§ **Exercise**: Leave out the images; return the rest of the data exactly.

§ **Caption-style text data**:
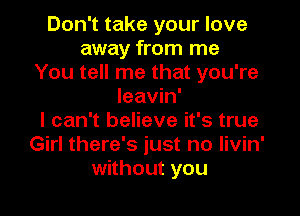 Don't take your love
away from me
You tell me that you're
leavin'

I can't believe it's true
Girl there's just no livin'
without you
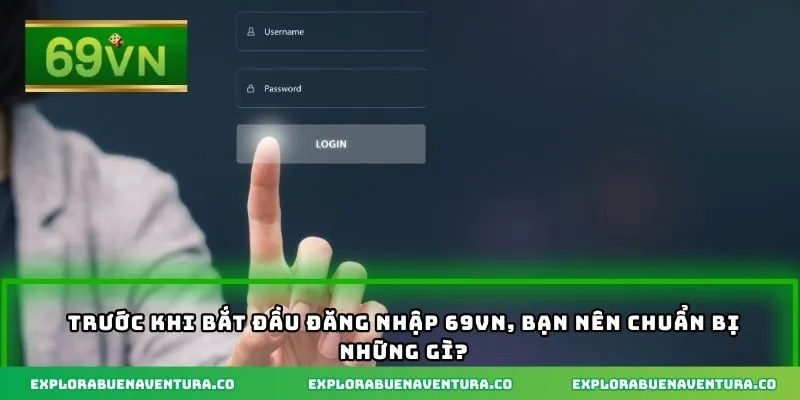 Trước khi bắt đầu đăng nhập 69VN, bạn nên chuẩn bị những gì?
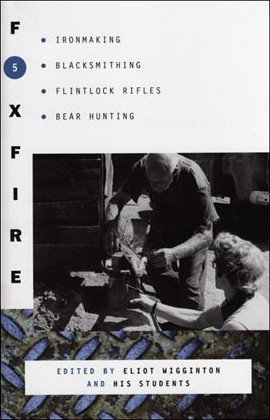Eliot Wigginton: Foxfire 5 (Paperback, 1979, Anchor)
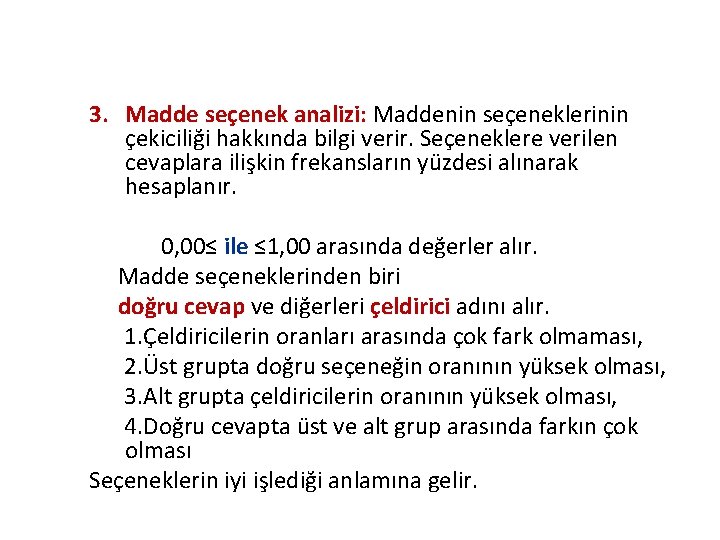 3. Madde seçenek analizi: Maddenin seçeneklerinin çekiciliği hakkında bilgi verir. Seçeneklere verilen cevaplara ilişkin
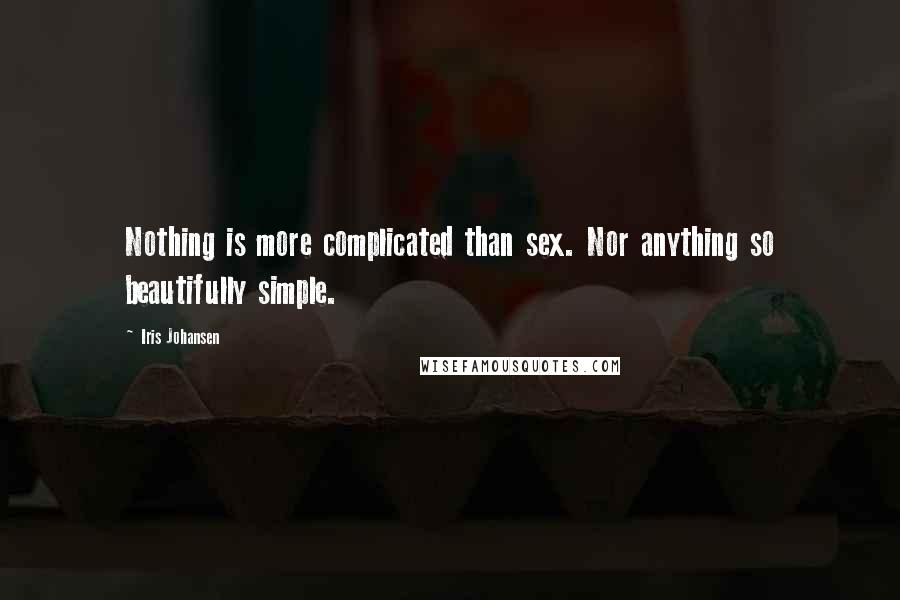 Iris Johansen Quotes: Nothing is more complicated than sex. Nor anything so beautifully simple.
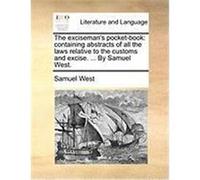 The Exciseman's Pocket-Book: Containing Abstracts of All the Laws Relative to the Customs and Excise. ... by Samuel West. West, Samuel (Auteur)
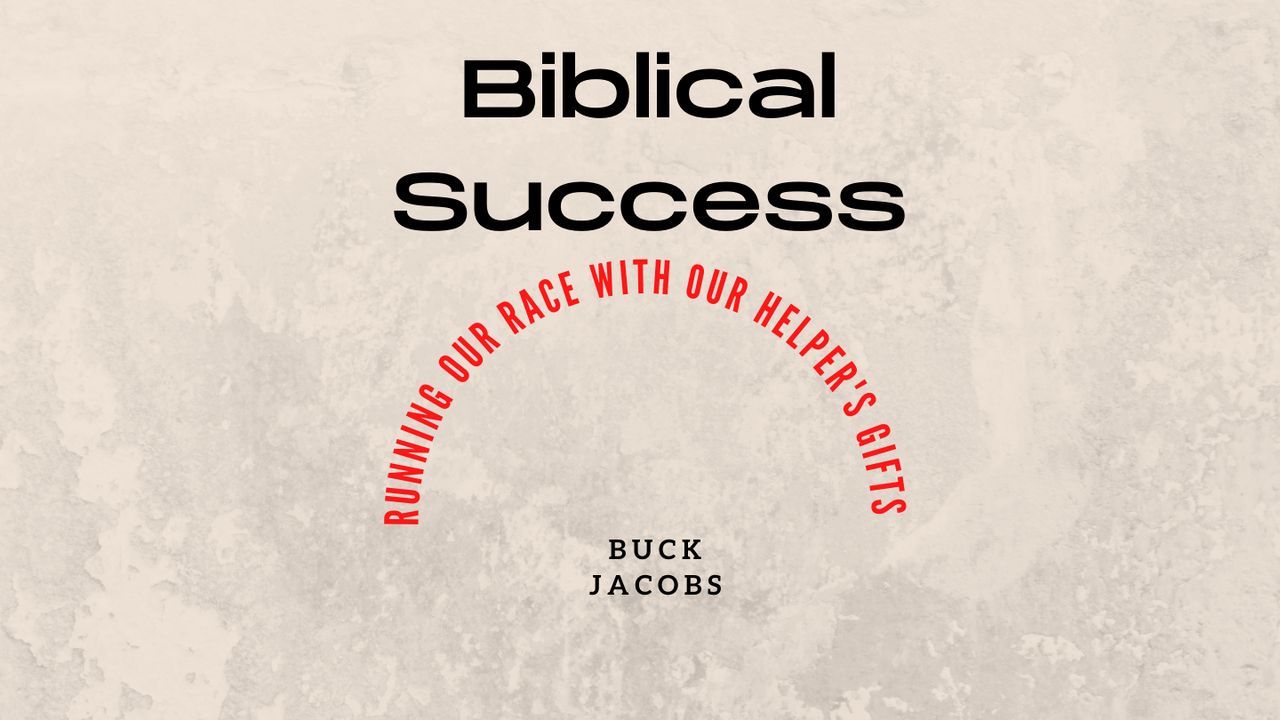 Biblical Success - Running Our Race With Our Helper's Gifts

§ **Answer section**:
 Don't take your love
away from me
You tell me that you're
leavin'

I can't believe it's true
Girl there's just no livin'
without you
 Trước khi bắt đầu đăng nhập 69VN, bạn nên chuẩn bị những gì?
Eliot Wigginton: Foxfire 5 (Paperback, 1979, Anchor)
 3. Madde seçenek analizi: Maddenin seçeneklerinin çekiciliği hakkında bilgi verir. Seçeneklere verilen cevaplara ilişkin
 Iris Johansen Quotes: Nothing is more complicated than sex. Nor anything so beautifully simple.
 The Exciseman's Pocket-Book: Containing Abstracts of All the Laws Relative to the Customs and Excise. ... by Samuel West. West, Samuel (Auteur)
 Biblical Success - Running Our Race With Our Helper's Gifts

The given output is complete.